At this point, I think we are talking past each other.
You want to use both the language of art and the language of science — I'd add to this that your claim to making everything available open access is also a problem when you inundate people with so much information that there is no reasonable way to understand what happened without a research team. I am not prepared to put a full research team to work on some of the material I see in art-science just to find out if it really happened as the author says it did. It is the author's responsibility to write a reasonably complete yet parsimonious account that enables me to understand the material.
One of the shocking moments in the life of every young researcher comes when they learn that a research article does *not* communicate everything that went into the research between the start of the work and the conclusion. Part of the art of scientific practice — and this is also an art — is to decide what it relevant and what is not. If every scientist had to report every failed hypothesis, every guess along what way, every dead end, every false positive, every mistaken negative, no article would run to less than a book.
I once knew a researcher who spent three years grinding sheep brains in a blender, then refining them, and then doing further work to extract a couple of spoonfuls of the substance on which he did his PhD. He kept a lab workbook that tracked every little step. Anyone who might have want to review every step, data by day, could ask for the workbook. But he did not publish a diary of his long three years of work, and he did not spend pages explaining his motives, his feelings, and all the rest.
As I see it, there is both too much and too little in your posts. There is too much in the vast amount of needless information you provide about your feelings and motives, too much talk about transgressive traders and laughing elders in the bazaar, and so on. And there is too little concise, careful description that allows me to understand what you are actually writing about.

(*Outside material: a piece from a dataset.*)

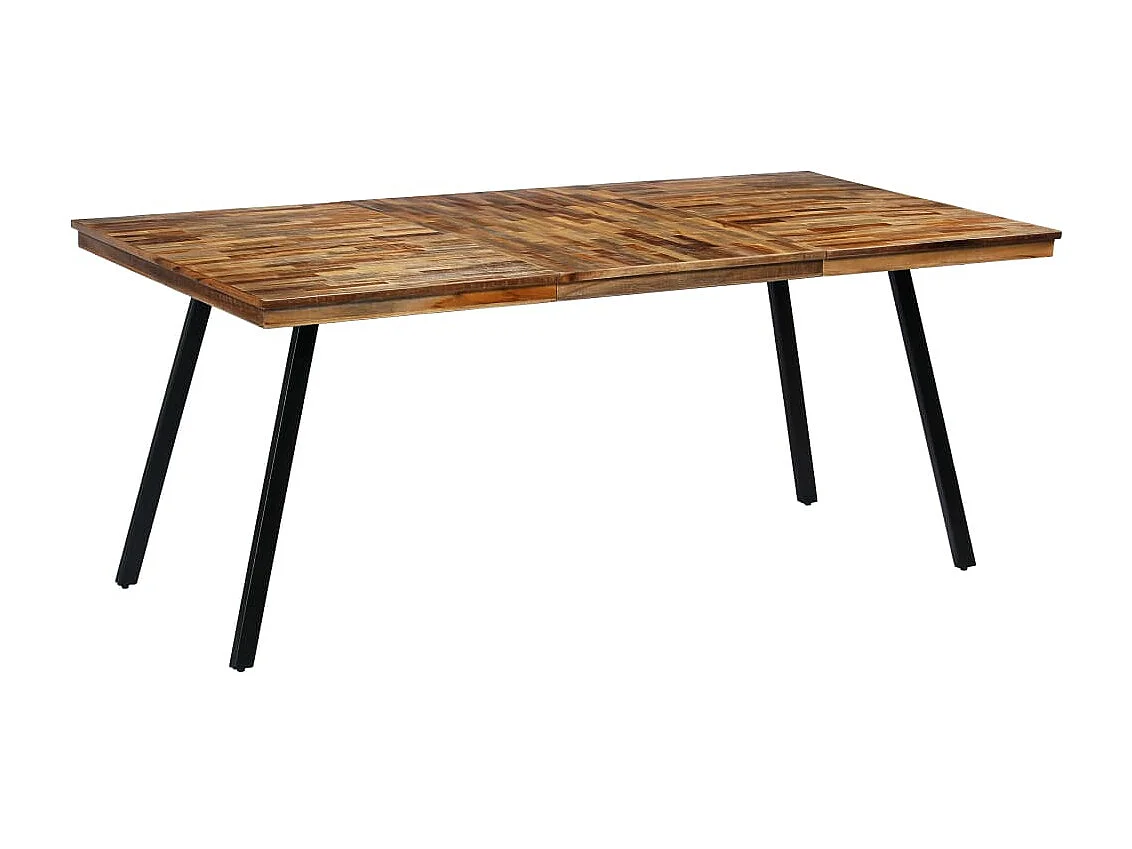 Table de salle à manger Teck recyclé et acier 180 x 90 x 76 cm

This thread began as something entirely different — we are no longer discussing "the new and history." We have moved over to the question of how we ought to write up art-science in an interesting, responsible way.
If someone wishes to make writing art-science the topic of a thread on Yasmin, I'll be happy to participate. For now, I don't feel that I will shed any further light on these issues by an endless cycle of replies.
So I will stop here.
> On May 28, 2017, at 2:00 AM, xDxD.vs.xDxD <email@example.com> wrote:
> Dear Ken,
> If the highest value you can bring too any discussion is to describe what
>> you do, then I'm not sure why we are here on a list for art-science. Jeff
>> Koons describes what he does.
> if you read the line below "describe what we do" it says: "... describe
> what we do, our motives and background research, how we formulate
> experiments, what are the results and impacts, what implications,
> difficulties, innovations,"
> so what we do is : describe what we do, describe our motives, describe the
> background research (which means previous studies/cases, or lack of
> previous studies/cases, or studies/cases which inspire us and how and/or
> how we try to reformulate them to try to go beyond them a little bit...),
> describe how we formulate experiments (which can be in the lab, but they
> can also happen in a performance, or in a city, or in another setting,
> according to a method, so that they can be performed again, etc, which
> includes the fact that we release all tools, software, technologies, data
> in input and output etc), describe the results, describe the impacts (what
> changed? what stayed the same? what was not "readable"? why? what next?),
> describe the difficulties, describe the innovations (what, if any, happened
> now that hadn't happened before? what have we done with it? what do we
> imagine that we can do with it? what do we try to do next with it?...)
>> When you add to this such dimensions as formulating experiments,
>> describing results, considering difficulties, then description must rise to
>> the level of analysis. This, in turn, requires deeper description,
>> comparison, and if you also claim innovation, then you've got to
>> demonstrate what happened in the past. That is to say, when you make
>> scientific claims for your art or your approach to art, more is required
>> than a description of artistic practice.
> so, with the previous paragraph I hope to have answered your doubt.
> I thought it was pretty clear even before, but evidently I was wrong.
> What I was really referring to by answering Ziva was the "self-promotion"
> thing. I have nothing wrong with it, and I figured, from what was being
> said, that even Ziva had nothing wrong with it. But, again, I think that it
> was important to communicate that describing an experiment, and its pre-
> and post- (see above), is more important than self-promotion.
>> Without analysis, it is impossible to support other people's research.
>> Merely describing what one does assumes that what you do is innovative.
>> This may not be the case. That's why researchers work to identify the gaps
>> in the knowledge of the field prior to their contribution. Significant
>> innovation in uncommon. It is more likely to occur following serious
>> thinking and analysis.
> of course we do that. as a matter of fact it is one of our priorities.
> all the best
>> Ken Friedman
>>> We are practice-based.
>>> The highest value we can bring to any discussion is to describe what we
>>> our motives and background research, how we formulate experiments, what
>>> are the results and impacts, what implications, difficulties,
>>> etc appear when we perform such experiments, and hope that this is useful
>>> to give someone else new ideas, open up new possibilities, etc.
>>> In this, we also try to use art and practice as a platform, to support
>>> other people's research, innovations, critical stances, where they can
>>> together, inspire, be applied in the world, and also to engage people in
>>> ways which are effective, persistent, transformative.
>>> In a way, we "only" have our practice to bring into any discussion. Which
>>> is of course inspired and informed by other things.